Intelligence and Success
This is a pretty touchy subject in my opinion, but one worth some attention. La Shawn Barber has opened this subject and she seems to be doing a pretty thorough job of addressing it. Her post titled Intelligence: Some Research is quite interesting.
I am one of those high scoring folks when it comes to qualification tests. I scored at the top on my military AFQT with a 99. I was also told that I scored higher than any applicant had ever scored when applying for a job in an oil refinery after discharging from the US Air Force. There were approximately 2000 people applying for five positions. I got hired. That test was a combined test of math, mechanics, and chemical knowledge. Most of it was the general IQ type of questions. I don’t know that I have ever taken a real IQ test, but I scored in the top 1% on the first Internet IQ test I ever took. I think that is pretty good from what their statistics said.

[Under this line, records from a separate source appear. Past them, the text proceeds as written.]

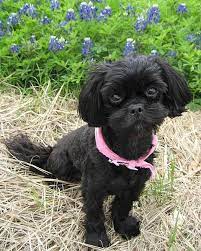 Shih Poo Dog Breed Health Temperament Grooming Feeding And Puppies Petguide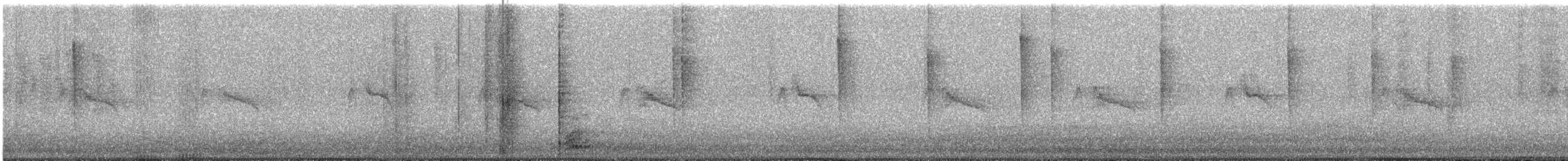 Black Phoebe - ML642772836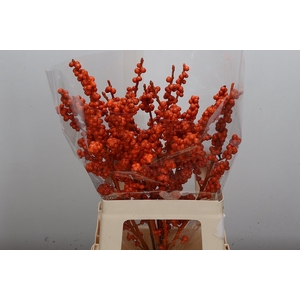 Ilex Wx Orange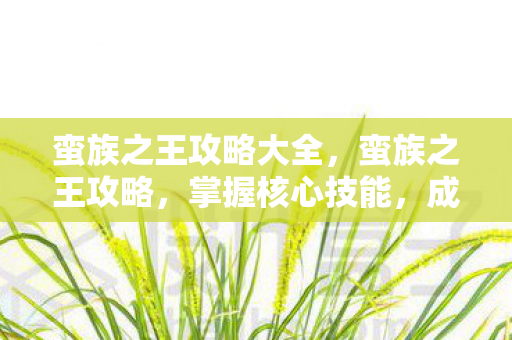 蛮族之王攻略大全，蛮族之王攻略，掌握核心技能，成为战场霸主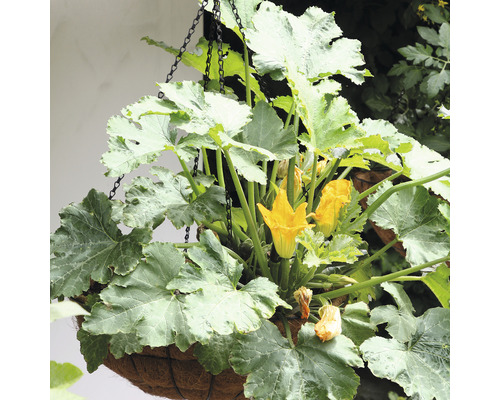 Zucchini Pflanze in einem hängenden Korb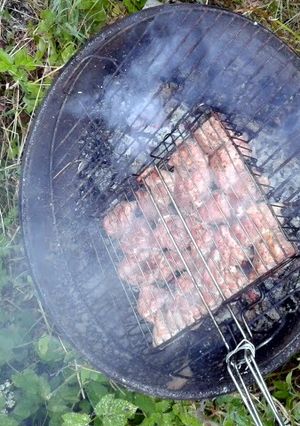 A picture of grilled pork chops.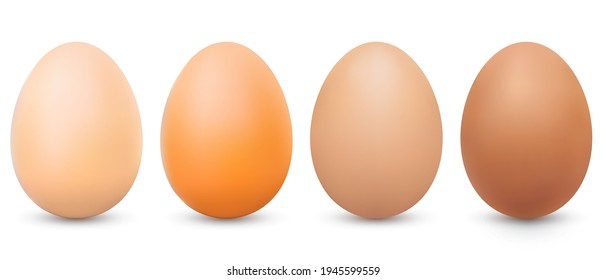 Four different tone brown eggs. Realistic chicken brown eggs with shadow. Closeup 3d whole hen eggs isolated on white background. Vector illustration EPS10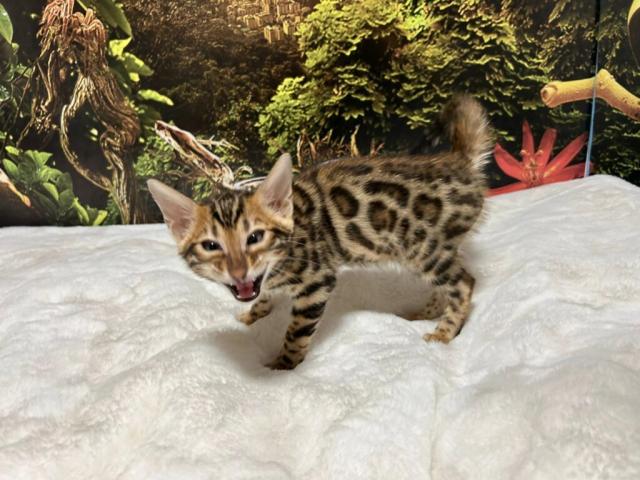 Luxury Rosettes Bengal cats — gallery photo 8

Now from the perspective of someone who has scored reasonably high on intelligence measuring tests, I will guarantee you that your score on these tests in itself has little impact on your overall success in life. I believe that success in life is mostly a choice and is definitely relative. By relative I mean that each person has a different scale for measuring success. By choice I mean that you have a choice in how you respond to the results of an situation where you “fail” to measure up. Yes, you needed to score good to even get an interview with that refinery mentioned earlier. If you measure success as getting a job in a refinery then I guess you are not very successful if you did not score high enough to get an interview. With that said I will acknowledge that a person’s ability to gather and retain information will help in becoming and remaining successful, but I do not believe it is the determining factor in most circumstances. What do I think is most important? I think that attitude, personality, education, motivation, social skills, and current social environment are all very important factors in just about career related success measurement.
I said that these tests within themselves have little to do with your level of success. I do believe that the way people let their view of themselves become degraded based on how they perform on these tests does affect success in life in general. How can it not? When you fail to get an interview for a job or you fail to get accepted into a college or you fail to get your first choice of jobs in the military, you can easily get depressed and loose motivation to do something different that you can be successful at.
I have been on the other end of this subject. I scored well when tested and tended to perform well against my peers technically, but I still did not blast out into great success. Where I had a problem for the longest time had nothing to do with my test scores. My problem had to do with my heart. I treated people badly. I had a bad attitude and I pretty much didn’t care what people thought or at least that was the attitude that I intentionally displayed. I have learned the hard way how attitude can affect success. The reasons for my attitude are a story for another day. Now I try to measure everything against God’s standard rather than my own. I am much more successful than ever as a result. I think that everyone has an opportunity for success in this country today no matter what their race is or how they scored on some test. You just have to get your head screwed on straight and put the failures behind you no matter what the failures or how they were dealt into your life.